Florian Krewer’s cute-chaotic paintings sift their way through a swamp of fraught masculinity. His cast of macho man-children and trans girls fight, fuck, and fall their way through the big city. Often outdoors, they feel like a throwback to a time not so long ago yet almost forgotten—when conflicts and desires could be consummated in public, and nights promised something like release. Yet the ominous animal avatars prowling the streets also register the latent frustration and fear inherent in the public performance of manhood.
In Eyes on Fire (2020), Krewer’s show of paintings at Michael Werner and TRAMPS in New York, captive (2020) sets the tone. At 244 × 213.5 cm, it monumentalizes a scene familiar enough: a lone figure in socks and sweats lies in a darkened bedroom, his right hand resting on his crotch. His ghastly white skin is applied in rough brushwork that makes his face look like a mask lit by the glare of a distant screen. You can almost hear Drake purring in the background. A tiger-bear hybrid looms above him, perhaps as a dream symbol of frustrated desire or simply a wish to break free. Kind of a self-parody in whiteface, captive not only presents a scene that has become ubiquitous during the COVID-19 pandemic, but also playfully evokes a sense of frustration within the confines of sexuality and identity—a sense that runs through most of Krewer’s recent work.
The lone men loitering in the empty streets of blossom (2020) and companion (2019), for example, are shadowed by feline predators as avatars of unfulfilled longing. Meanwhile, the boy in give and take (2020) is about to be eaten up by his. On the other hand, the femmes in light switch and lipstick (both 2020) seem to have tamed the creaturely drives that plague their masculine peers. Yet Krewer’s cosmos isn’t entirely troubled by binary longings and conflicts. There are also moments of consummation, as in in the clouds (2020), where a thick-thighed sir or lady face-fucks a redheaded boy in the clouds, mad as hell though ostensibly in heaven. While in the show’s titular eyes on fire (2020), a thong drawn to the side on shit-smeared cheeks reveals a pair of eyes and a puckered hole ready to kiss the viewer, among other things.
But what might sound like angstiness verging on abjection is executed with a heavy dose of cuteness. Flat planes, cloying pastels, wonky outlines, and occasionally ham-fisted brushwork all mitigate the threat. Add to this Krewer’s low-key obsession with streetwear editorials. break free (2020), for example, awkwardly conflates the last decade’s appetite for vitiligo models with the prospect of post-racial anonymity. Meanwhile, camouflage (2019) positions a seemingly Siamese figure evocative of the indigenous “two-spirit” against a riotous background of pink camo—a type of camouflage developed for African and Middle Eastern warfare circa World War II that was later updated and popularized by brands like BAPE in the early 2000s. As Sianne Ngai points out, cuteness is not only the dominant aesthetic of consumer society, but also a way of aestheticizing powerlessness.
Both the cuteness and the anxiety that cling to many of Krewer’s men is rooted in their helplessness. They seem lost in the city, unmoored. In a comical take on Francisco Goya’s El pelele (The Puppet, 1791–92), the men in paintings like falling flying (2019) seem to float orientation-less through the urban landscape. Here, a clear comparison emerges with the early work of Krewer’s former professor, Peter Doig. While Doig’s visions of Manhattan like I think it’s time (1982–83) espouse a pioneer spirit in line with the economic optimism of the 1980s, Krewer’s vision as a newcomer to post-9/11 New York is clearly one of isolation and constraint, however privileged. Yet there’s nothing tortured about his personifications.

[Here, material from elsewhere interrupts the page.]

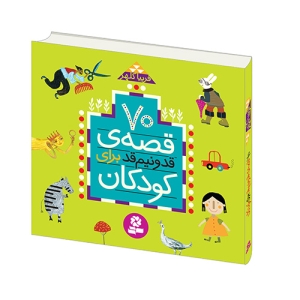 70 قصه‌ی قد و نیم قد برای کودکان تجدید چاپ شد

At times, his characters seem more vulnerable than anything else, and his treatment of them nothing short of affectionate. In the images, powerlessness is less the opposite of macho posturing than its precondition.
It’s exactly these ambivalences that make Krewer’s work strangely compelling, or at least compellingly strange. Suffused in equal parts by love and fear, it’s impossible to tell whether it wants to parody toxic masculinity or valorize it. Probably both. Despite the richness of the paintings’ cosmos, it’s a stretch to say that any of them are “about” something in particular. Instead of offering clear answers, the work remains an unapologetically stubborn sedimentation of subjective experience—one that resents the categories imposed on it while also reveling in them. Perhaps what Mark Fisher once dubbed “the solitary urinal of male subjectivity” has rarely tasted so sweet.